Nunca serei pressionável e nunca permitirei atropelos

A presidente da Assembleia da República desdramatizou hoje a polémica sobre a constituição da comissão de inquérito ao Banco Português de Negócios (BPN), mas avisou que nunca será pressionável e que nunca permitirá atropelos ao regimento.

Assunção Esteves falava aos jornalistas sobre o resultado da conferência de líderes parlamentares de quinta-feira à noite, que durou três horas e meia e que foi caraterizada por um clima de elevada tensão política opondo representantes da oposição e da maioria PSD/CDS.

A presidente da Assembleia da República negou a versão de deputados da oposição de que na reunião da conferência de lideres terá ameaçado abandonar as suas funções caso a maioria PSD/CDS forçasse esta manhã a votação do seu requerimento para a constituição de uma comissão de inquérito sobre o BPN, ultrapassando por essa via o requerimento potestativo subscrito pelas forças da oposição.

Deputados da maioria PSD/CDS também adiantaram à agência Lusa que nos meios da oposição se estará a fazer uma interpretação errada e abusiva de uma frase proferida por Assunção Esteves, rejeitando assim que se tivesse colocado o cenário da demissão.

Em declarações aos jornalistas, a presidente da Assembleia da República deixou vários avisos sobre a forma como entende o exercício das suas funções, começando por referir que "importa chamar a atenção dos deputados para a memória do contrato social e eleitoral".

"Temos um contrato com o povo e todas as nossas decisões têm de ser tomadas nessa perspetiva.
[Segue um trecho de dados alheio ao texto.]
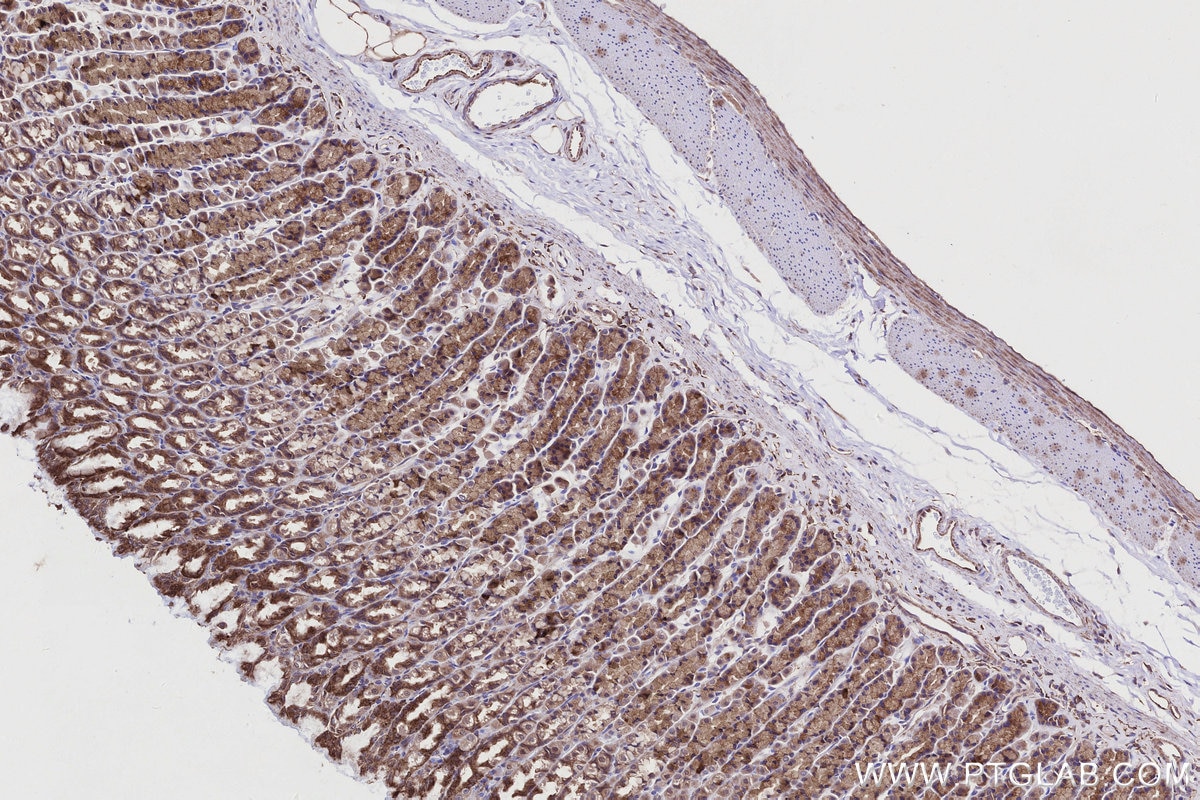 IHC staining of rat stomach using 27035-1-AP Immunohistochemistry (IHC) staining of rat stomach tissue using PI3 Kinase p55 Gamma Polyclonal antibody (27035-1-AP)
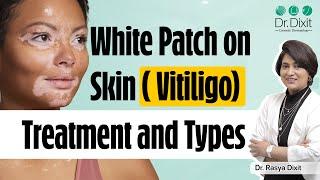 White Patches on Skin | Vitiligo Skin Disease Treatment | Types of vitiligo | Dr. Rasya Dixit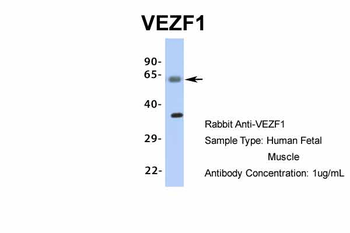 VEZF1 Rabbit Polyclonal Antibody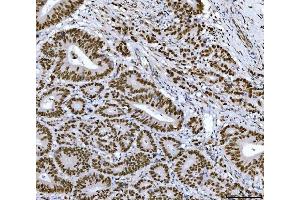 IHC analysis of RCC1 using anti-RCC1 antibody (ABIN7600022). (RCC1 抗体  (AA 14-421))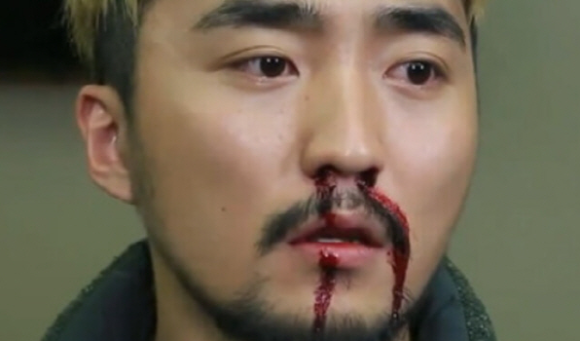 윗 어금니 신경치료 후에 코피가 나요 (신경치료 후 주의사항, 상악동, 신촌 서울재생치과, 신촌 신경치료 맛집, 현미경 신경치료) 관련 이미지 3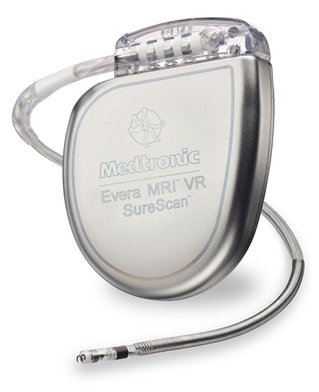 Oliver Segal treatment of ventricular Arrhythmia Medtronic-ICD.jpg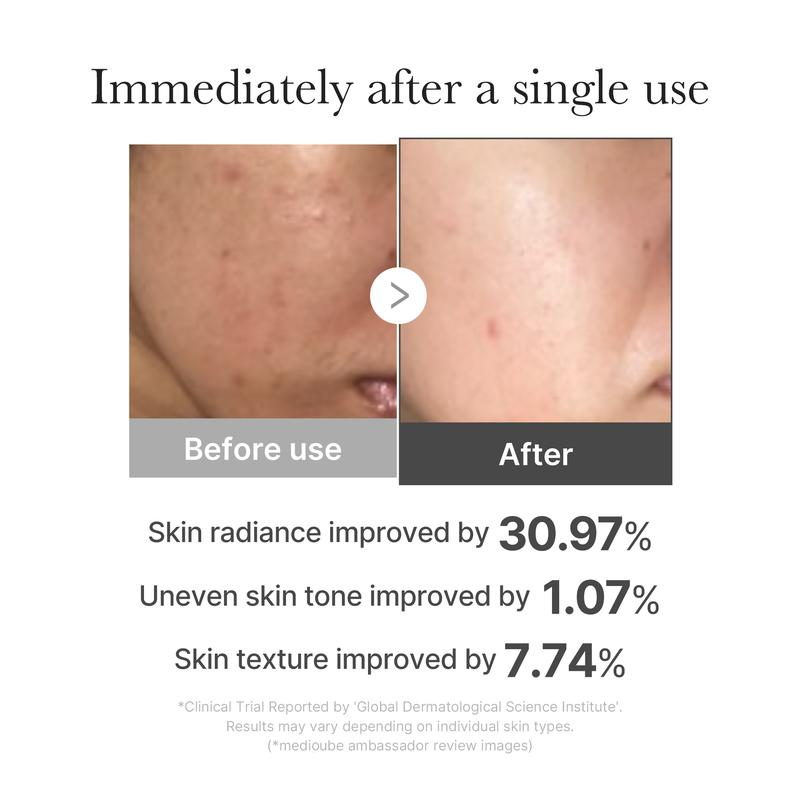 [medioube] MINI Booster Pro | K-beauty Affordable Device for After Spot & Soothing Care, Portable, Beginner-friendly, Clear Glass Glow Skin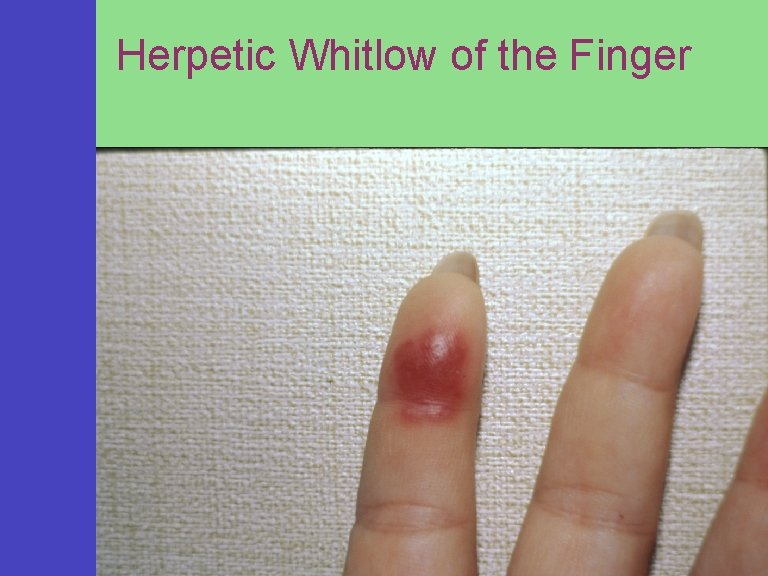 Herpetic Whitlow of the Finger 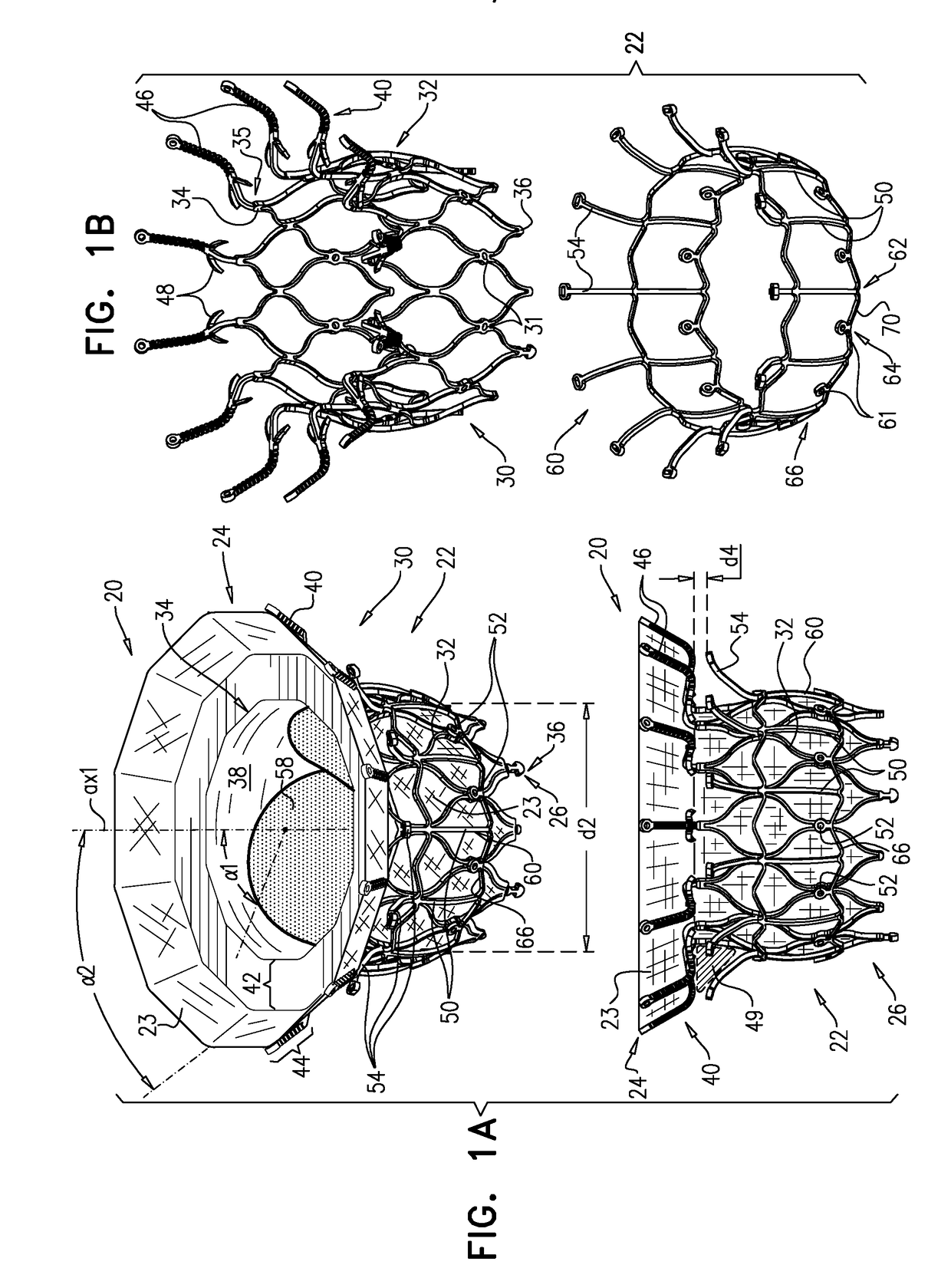 Prosthetic Heart Valve with Compressible Frames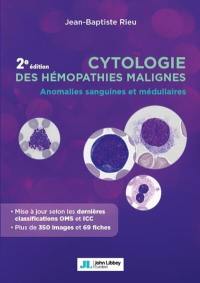 Cytologie des hémopathies malignes : anomalies sanguines et médullaires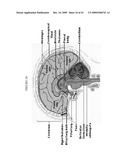 SYSTEMS AND METHODS FOR ALTERING BRAIN AND BODY FUNCTIONS AND FOR TREATING CONDITIONS AND DISEASES OF THE SAME diagram and image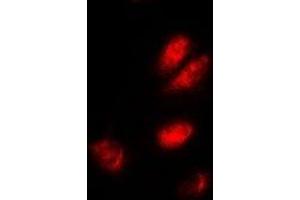 Immunofluorescent analysis of ASF1A staining in A549 cells. (ASF1A antibody)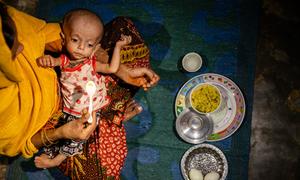 Un niño desnutrido recibe alimentos en un refugio de un asentamiento de refugiados en Cox's Bazar, Bangladesh.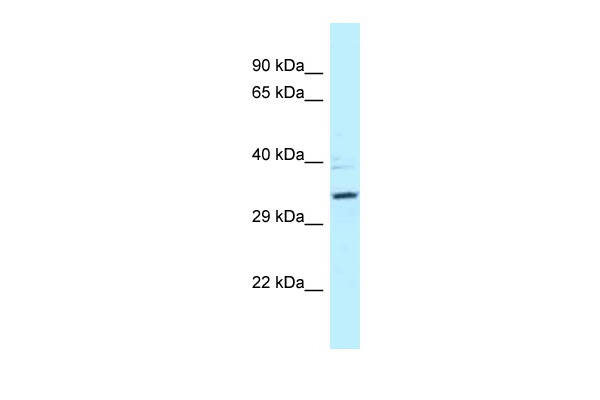 PPP2R4 antibody - N-terminal region (ARP62067_P050) in Human MDA-MB435 using Western Blot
É um apelo de racionalidade que me cabe fazer em todo o momento e em toda a linha no Parlamento. É uma espécie de competência não escrita do presidente da Assembleia da República. Não está no regimento, na Constituição, mas está no sentido do Parlamento e no sentido do papel do seu presidente", sustentou Assunção Esteves.

Interrogada se tem sentido pressões no exercício das suas funções, a presente da Assembleia da República deu a seguinte resposta: "Aqui, no Parlamento, há sempre pressões emocionais, outras não há".

"Mas, se houvesse outras pressões, era o mesmo. Nunca serei pressionável aqui, é um juramente que fiz a mim própria. Essa questão não existiu, porque os deputados respeitam-me muito e respeitam o meu papel, da esquerda à direita. Das coisas mais estimulantes que tenho é o carinho e o respeito dos deputados", disse.

Interrogada se aceitaria continuar presidente da Assembleia da República no caso de existir, na sua perspetiva pessoal, um atropelo regimental, Assunção Esteves respondeu que "só o povo" a pode tirar do seu lugar.

"Nunca haverá atropelo regimental grave porque nunca o permitirei. Esse é um erro lógico, porque estou aqui para controlar precisamente isso. Isso nunca será possível nem por mim nem pelas pessoas que aqui estão. A própria pluralidade do Parlamento constrói a racionalidade. Estou aqui para exercer uma função de arbitragem, de estímulo e, como digo, de lembrança da memória do contrato eleitoral", declarou.